A lobster from Bristol Aquarium is set to star in a national radio broadcast next week.
‘Satsuma’ a bright orange coloured crustacean, which has been living at the Harbourside attraction since 2014, is to feature in an episode of BBC Radio 4’s ‘Natural Histories’ programme.
The show’s presenter Brett Westwood travelled to the aquarium to meet Satsuma and interview Displays Supervisor and marine biologist Olivia Orchart.
“Lobsters are truly amazing creatures which have been around for literally millions of years virtually unchanged,” said Olivia.
“They have also played a huge role in human life for centuries – mainly as a food item – and it was lovely to have the opportunity to talk to Brett about their many other attributes and unique characteristics,” she added.
Natural Histories is a landmark series BBC Radio 4, which looks at the natural world and how it has influenced human culture and society.
It began with 25 programmes last year on subjects as wide-ranging as giant squid, the flea and the oak tree and this year presenter Brett Westwood has returned to the airwaves for a second series.
“The lobster is a creature that if we know it at all, we know much better dead than alive,” said Natural Histories’ Tom Bonnett.

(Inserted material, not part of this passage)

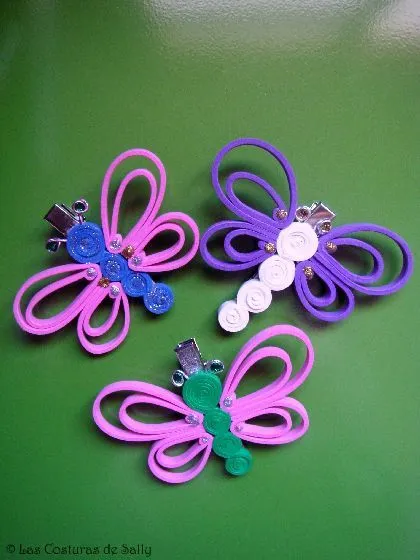 Hevillas para el pelo con mariposas realizadas en goma eva y con ... Hevillas para el pelo con mariposas realizadas en goma eva y con ...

“When we lift it from the deep its natural prowess as a predator seems to be left behind in the sea and we see an alien-looking creature that curiously has become an unlikely sex symbol and a muse for modern art.
“But scientifically, it is a fascinating creature that to grow must moult its exoskeleton, leaving a perfect replica that could be mistaken for a twin.
“In this programme Bristol Aquarium Displays Supervisor Olivia Orchart tells Brett about Satsuma, an unusual looking lobster that has become something of a favourite with visitors,” he added.
Lobsters are among the planet’s oldest inhabitants with fossil remains found dating back more than 100 million years. They are also extremely long-lived with some individuals reaching ages in excess of 60 years.
A lobster’s claws grow much faster than the rest of its body. In one giant specimen the claws were twice the weight of the rest of the animal.
As with most members of the crustacean family, lobsters are also able to re-grow lost limbs and even re-generate missing eyes.
Satsuma and Olivia will be featured on BBC R4 Natural Histories on Tuesday, July 5th at 11am and repeated at 9pm on Monday, July 11th.
Bristol Aquarium’s Olivia Orchart with Satsuma the lobster’s moult and BBC Natural Histories presenter Brett Westwood.
Satsuma the lobster’s moult at Bristol Aquarium.